----- Supplied material -----

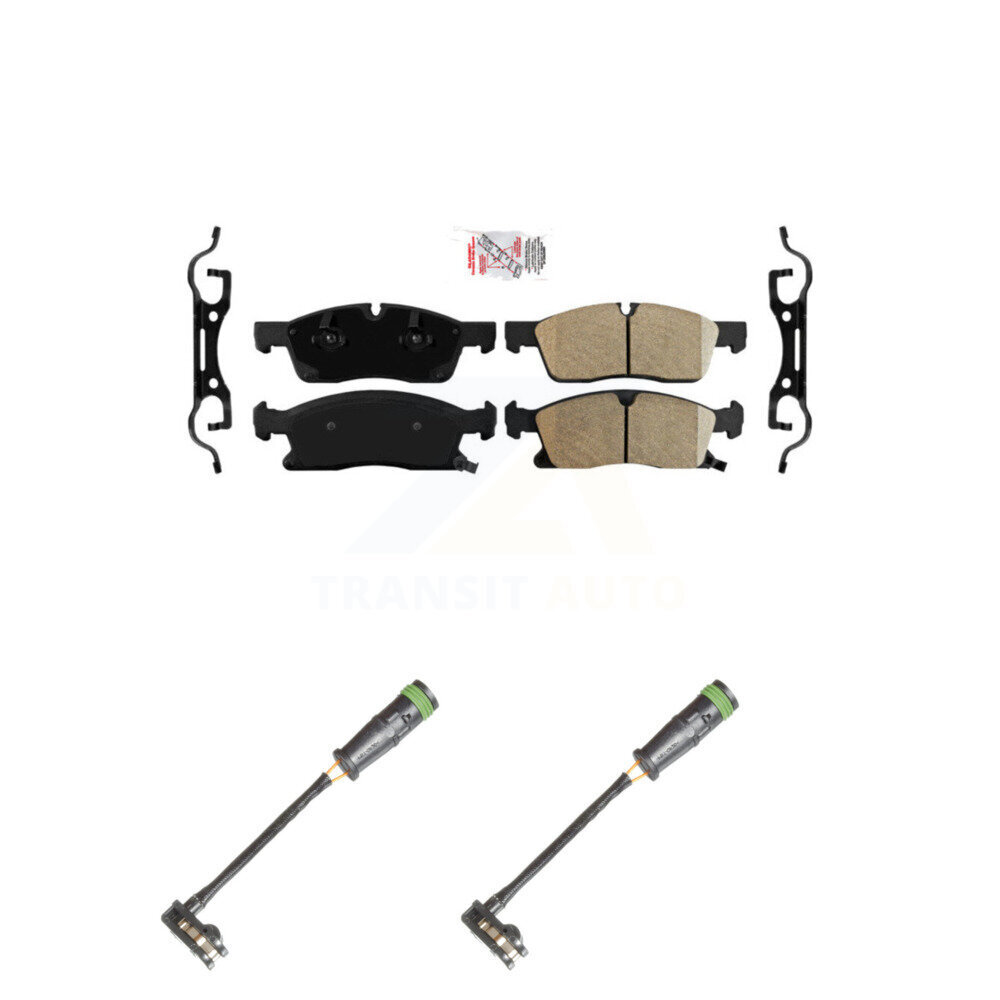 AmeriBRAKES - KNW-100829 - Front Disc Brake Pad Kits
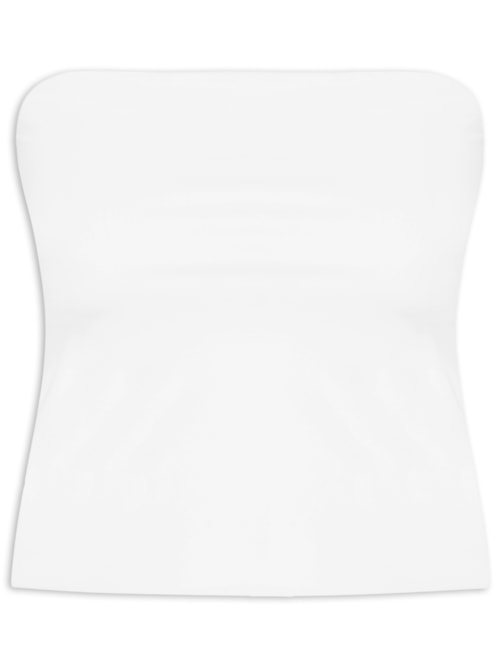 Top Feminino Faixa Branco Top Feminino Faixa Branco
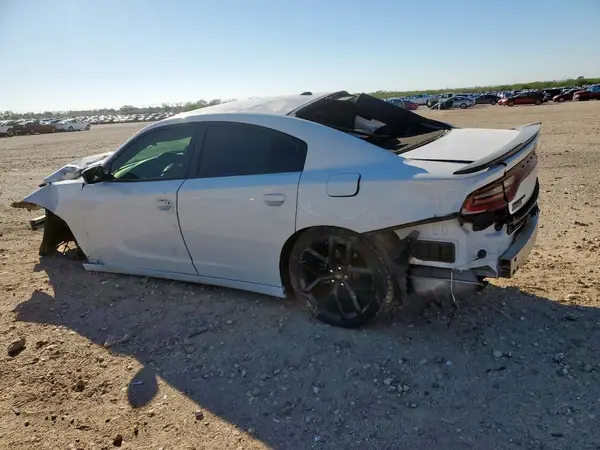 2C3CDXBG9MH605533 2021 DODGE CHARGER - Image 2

-----
----- Supplied material -----

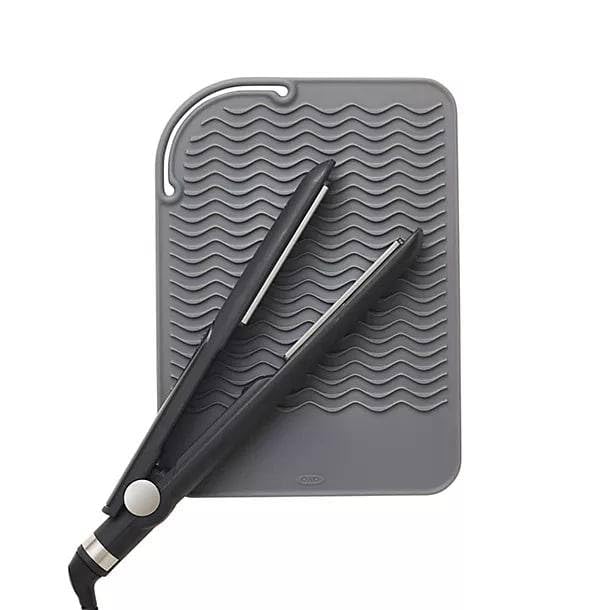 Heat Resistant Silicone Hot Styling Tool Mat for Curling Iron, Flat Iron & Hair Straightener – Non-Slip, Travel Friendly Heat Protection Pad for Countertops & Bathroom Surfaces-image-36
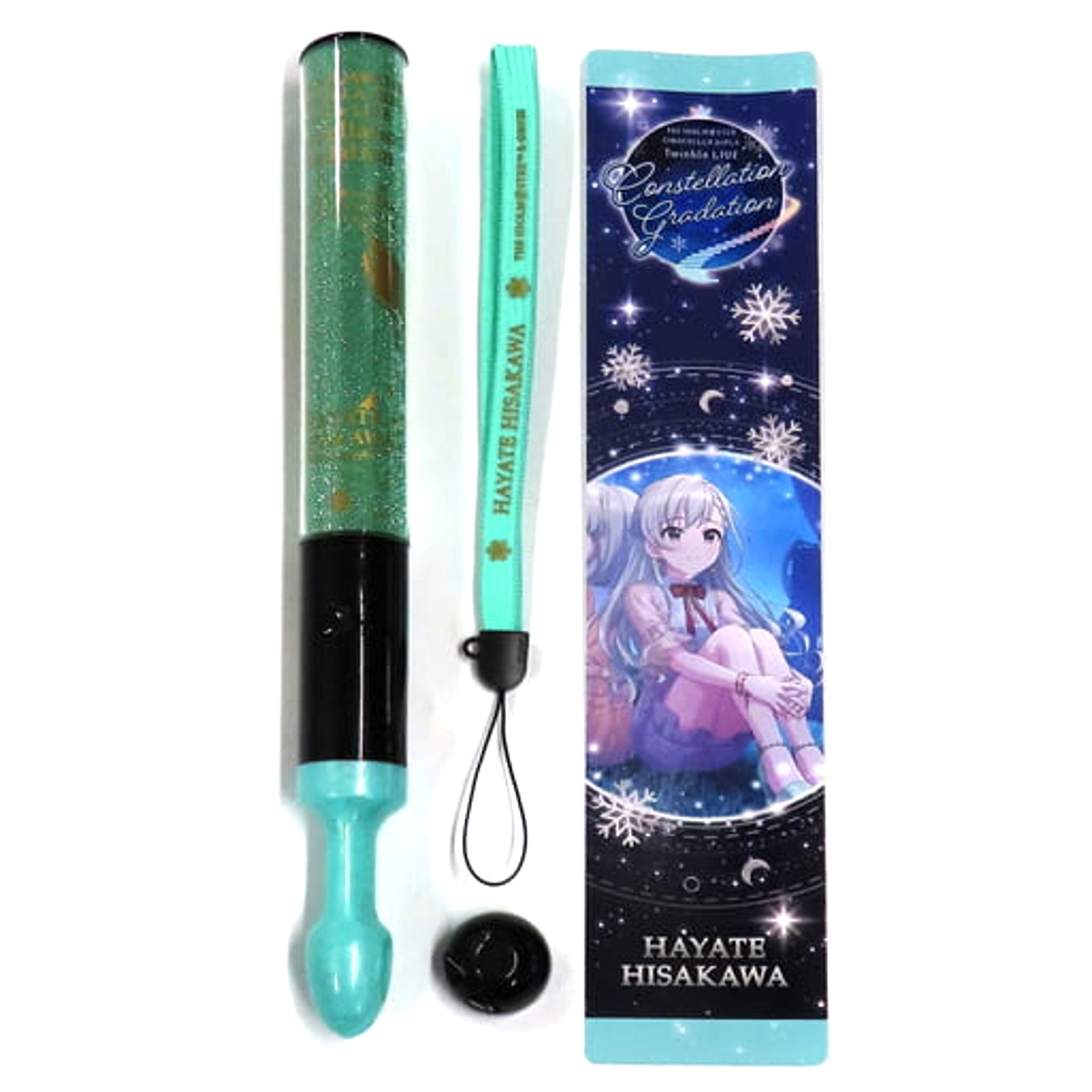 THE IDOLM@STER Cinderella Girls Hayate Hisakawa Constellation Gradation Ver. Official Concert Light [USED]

-----

Taking the entries above, copy word for word the lines from the one with "AmeriBRAKES - KNW-100829" up to and including the one with "2C3CDXBG9MH605533 2021 DODGE", without any picture.

=== Exercise solution ===
 AmeriBRAKES - KNW-100829 - Front Disc Brake Pad Kits
 Top Feminino Faixa Branco Top Feminino Faixa Branco
 2C3CDXBG9MH605533 2021 DODGE CHARGER - Image 2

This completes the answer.